Laura Hodgetts talks to the skippers of 20 boats on the Atlantic Rally for Cruisers (ARC), ‘the biggest downwind gear test of the year’, about the pros and cons of the equipment they used and the sailing techniques they deployed
Four Seasons – two steering wire breakages and a wobbly rudder
When a rudder wire snapped aboard the Beneteau First 43.5 yacht Four Seasons, skipper Chris Jackman spent four hours in rolling seas replacing it, using a spare length of Dyneema and bulldog clips.
The lazarette contained two sails, two folded-up bicycles and spare fuel: ‘Everything had to come out, in 2-3m swells.’
Sailing using autopilot, Chris and his wife Caroline took the compass off and the pedestal apart to get to the drive chain and attach the Dyneema. The compass was placed upside down in ‘the safest place’ – the sink.
Once everything was back together and they thought they were on their way, the other steering wire snapped 10 hours later. Chris was six inches short of spare Dyneema.
The pair, who run the Solent-based Black Dog Sailing charter company, were considering using the guardrails when Chris noticed the mainsail outhaul.
‘Out came the bolt croppers. I had to hack off about 9ft. I basically used the whole main outhaul and rerigged it with rope.’
Chris ‘had to redo everything again’: clear out the locker, drop the messenger line again to Caroline who was lying in the aft cabin, and make sure it sat securely on the turning blocks.
In 2,500 miles, ‘we never touched it again.’
Being inside the aft locker in the rolling sea ‘wasn’t very pleasant’, Chris said. ‘I was sweating buckets, but all’s well that ends well: we got here!’
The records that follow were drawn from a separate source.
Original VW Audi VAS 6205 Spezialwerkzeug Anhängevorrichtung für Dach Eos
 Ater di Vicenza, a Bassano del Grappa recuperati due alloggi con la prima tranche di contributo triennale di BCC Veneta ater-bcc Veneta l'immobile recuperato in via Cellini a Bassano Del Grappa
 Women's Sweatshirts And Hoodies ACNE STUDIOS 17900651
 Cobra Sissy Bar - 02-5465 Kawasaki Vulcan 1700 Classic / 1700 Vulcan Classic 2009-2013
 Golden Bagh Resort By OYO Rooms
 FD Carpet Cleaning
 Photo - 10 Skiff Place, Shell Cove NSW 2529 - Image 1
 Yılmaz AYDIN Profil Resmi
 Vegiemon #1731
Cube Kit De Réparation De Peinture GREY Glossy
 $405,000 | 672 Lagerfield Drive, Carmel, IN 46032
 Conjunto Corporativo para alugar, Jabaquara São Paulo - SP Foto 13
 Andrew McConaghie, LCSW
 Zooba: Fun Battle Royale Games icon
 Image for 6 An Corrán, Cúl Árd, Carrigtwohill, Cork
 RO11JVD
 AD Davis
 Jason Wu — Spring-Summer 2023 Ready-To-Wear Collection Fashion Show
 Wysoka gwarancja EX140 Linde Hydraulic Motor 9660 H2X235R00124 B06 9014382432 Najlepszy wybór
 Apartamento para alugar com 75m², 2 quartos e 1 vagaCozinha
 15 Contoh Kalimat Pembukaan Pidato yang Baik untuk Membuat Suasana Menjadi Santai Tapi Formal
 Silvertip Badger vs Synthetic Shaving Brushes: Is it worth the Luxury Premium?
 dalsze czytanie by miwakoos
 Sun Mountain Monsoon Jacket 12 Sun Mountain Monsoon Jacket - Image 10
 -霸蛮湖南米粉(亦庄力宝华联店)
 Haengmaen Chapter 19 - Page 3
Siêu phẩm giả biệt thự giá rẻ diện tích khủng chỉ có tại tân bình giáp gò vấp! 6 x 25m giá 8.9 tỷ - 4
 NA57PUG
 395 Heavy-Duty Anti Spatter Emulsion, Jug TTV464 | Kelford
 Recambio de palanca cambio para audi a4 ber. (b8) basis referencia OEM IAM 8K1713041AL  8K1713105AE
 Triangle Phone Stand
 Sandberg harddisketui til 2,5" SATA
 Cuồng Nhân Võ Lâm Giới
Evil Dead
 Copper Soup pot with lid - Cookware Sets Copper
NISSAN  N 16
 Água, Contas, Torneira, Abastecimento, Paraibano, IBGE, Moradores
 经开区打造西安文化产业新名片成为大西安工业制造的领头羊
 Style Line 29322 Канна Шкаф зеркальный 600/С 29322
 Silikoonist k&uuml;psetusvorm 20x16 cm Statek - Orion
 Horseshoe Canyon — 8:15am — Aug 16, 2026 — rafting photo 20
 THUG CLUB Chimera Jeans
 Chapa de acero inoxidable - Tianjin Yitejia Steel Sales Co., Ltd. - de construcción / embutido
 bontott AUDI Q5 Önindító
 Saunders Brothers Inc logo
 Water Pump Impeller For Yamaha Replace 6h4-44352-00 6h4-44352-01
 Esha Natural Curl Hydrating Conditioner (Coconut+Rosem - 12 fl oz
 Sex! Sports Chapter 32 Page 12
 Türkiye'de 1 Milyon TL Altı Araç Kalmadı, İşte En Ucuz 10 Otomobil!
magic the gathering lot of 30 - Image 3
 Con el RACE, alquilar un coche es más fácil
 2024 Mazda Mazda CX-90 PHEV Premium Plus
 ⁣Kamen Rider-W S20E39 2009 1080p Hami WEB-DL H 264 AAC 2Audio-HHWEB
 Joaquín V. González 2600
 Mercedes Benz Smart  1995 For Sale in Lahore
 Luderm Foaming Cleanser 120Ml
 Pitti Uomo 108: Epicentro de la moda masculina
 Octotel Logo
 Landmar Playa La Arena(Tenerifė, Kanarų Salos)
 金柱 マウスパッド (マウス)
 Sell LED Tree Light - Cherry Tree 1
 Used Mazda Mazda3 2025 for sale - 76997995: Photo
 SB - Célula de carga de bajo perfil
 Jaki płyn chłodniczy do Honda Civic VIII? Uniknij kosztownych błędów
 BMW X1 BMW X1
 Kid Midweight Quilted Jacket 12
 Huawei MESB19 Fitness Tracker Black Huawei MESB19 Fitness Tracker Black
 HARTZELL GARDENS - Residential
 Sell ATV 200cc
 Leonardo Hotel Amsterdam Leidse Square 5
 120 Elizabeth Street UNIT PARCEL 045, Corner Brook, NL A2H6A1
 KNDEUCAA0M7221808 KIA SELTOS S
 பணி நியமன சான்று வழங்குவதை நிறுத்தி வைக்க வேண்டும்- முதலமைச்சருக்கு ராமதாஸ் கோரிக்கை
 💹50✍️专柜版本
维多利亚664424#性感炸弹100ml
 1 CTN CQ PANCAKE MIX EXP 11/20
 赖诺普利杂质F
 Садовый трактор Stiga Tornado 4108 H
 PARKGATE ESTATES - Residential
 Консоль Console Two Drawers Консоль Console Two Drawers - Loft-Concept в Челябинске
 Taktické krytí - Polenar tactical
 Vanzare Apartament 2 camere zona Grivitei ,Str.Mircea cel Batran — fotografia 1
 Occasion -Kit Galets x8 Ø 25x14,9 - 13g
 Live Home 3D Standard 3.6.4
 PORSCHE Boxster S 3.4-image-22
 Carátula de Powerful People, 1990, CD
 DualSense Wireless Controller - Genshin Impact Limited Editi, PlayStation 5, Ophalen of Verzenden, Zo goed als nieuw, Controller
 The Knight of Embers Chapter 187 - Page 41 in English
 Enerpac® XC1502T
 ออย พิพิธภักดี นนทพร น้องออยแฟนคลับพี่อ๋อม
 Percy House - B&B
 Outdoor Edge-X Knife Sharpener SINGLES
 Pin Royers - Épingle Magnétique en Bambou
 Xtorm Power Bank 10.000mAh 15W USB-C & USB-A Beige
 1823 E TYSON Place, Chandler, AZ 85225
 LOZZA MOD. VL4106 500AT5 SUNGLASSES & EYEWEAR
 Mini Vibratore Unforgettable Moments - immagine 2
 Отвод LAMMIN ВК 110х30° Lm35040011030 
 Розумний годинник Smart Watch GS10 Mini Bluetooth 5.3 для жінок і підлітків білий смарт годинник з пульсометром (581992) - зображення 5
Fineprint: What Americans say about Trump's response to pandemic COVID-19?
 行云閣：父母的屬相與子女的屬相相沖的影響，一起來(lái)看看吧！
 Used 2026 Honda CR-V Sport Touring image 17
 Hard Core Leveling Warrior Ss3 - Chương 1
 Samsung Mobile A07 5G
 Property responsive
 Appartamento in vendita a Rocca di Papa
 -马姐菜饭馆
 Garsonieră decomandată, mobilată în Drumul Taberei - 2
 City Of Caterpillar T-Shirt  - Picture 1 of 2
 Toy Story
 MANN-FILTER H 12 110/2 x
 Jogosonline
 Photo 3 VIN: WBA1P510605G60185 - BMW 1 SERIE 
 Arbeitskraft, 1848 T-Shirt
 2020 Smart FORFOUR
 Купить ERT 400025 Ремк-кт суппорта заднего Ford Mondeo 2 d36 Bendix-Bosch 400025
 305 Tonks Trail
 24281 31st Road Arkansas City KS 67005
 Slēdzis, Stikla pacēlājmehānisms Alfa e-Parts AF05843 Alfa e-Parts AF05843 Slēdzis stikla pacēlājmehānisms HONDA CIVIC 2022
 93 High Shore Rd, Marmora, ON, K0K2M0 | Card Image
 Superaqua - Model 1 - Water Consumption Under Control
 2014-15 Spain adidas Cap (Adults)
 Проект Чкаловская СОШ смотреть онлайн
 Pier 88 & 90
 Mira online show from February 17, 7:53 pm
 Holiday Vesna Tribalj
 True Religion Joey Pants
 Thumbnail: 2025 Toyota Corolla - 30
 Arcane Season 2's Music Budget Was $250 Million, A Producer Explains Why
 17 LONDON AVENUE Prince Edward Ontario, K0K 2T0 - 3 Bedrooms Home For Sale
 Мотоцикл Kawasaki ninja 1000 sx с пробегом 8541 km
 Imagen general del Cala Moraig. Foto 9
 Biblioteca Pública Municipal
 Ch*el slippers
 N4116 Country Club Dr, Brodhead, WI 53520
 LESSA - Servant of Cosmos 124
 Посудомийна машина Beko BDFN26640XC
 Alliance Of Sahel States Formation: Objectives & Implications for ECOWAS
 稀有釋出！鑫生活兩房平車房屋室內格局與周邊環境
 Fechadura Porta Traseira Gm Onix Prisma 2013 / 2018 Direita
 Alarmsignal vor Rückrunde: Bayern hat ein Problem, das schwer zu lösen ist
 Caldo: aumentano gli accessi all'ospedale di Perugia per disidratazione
Four Seasons’ new rudder began ‘wobbling alarmingly’ on day five. Chris tightened up the top plate of the bearing, which helped, but by about day 12-13 it was really causing concern: ‘We
were relieved to see dry land.’
Another breakage was the lightweight spinnaker, which ‘just went bang. It was a beautiful sail, but we were just left with three corners and some shreds.’
Their watermaker also ‘packed up completely’ on day 4 or 5.
Chris said: ‘We had lots of bottled water, but we had promised everyone a shower before arrival.’
The Aquair towed generator worked really well, ‘although it did take some speed off the boat.’
Cheap, eBay-bought, flexible solar panels to go on top of the bimini ‘worked a treat’, but four inflatable PVC fenders from You Boat Marine in Gosport were Chris’s best buy. He also recommended an awning and two sets of every spanner, in case you drop one or for when you have two nuts to tighten. ‘We wouldn’t have been able to do the steering without two 19mm spanners.’
Dyneema sleeves on halyards prevented chafing, while an old chopping board made into circular red discs stopped the knots chafing the sheets.
Provisioning tip: Tinned chicken from Costco and curry mix from Lidl. ‘It was delicious.’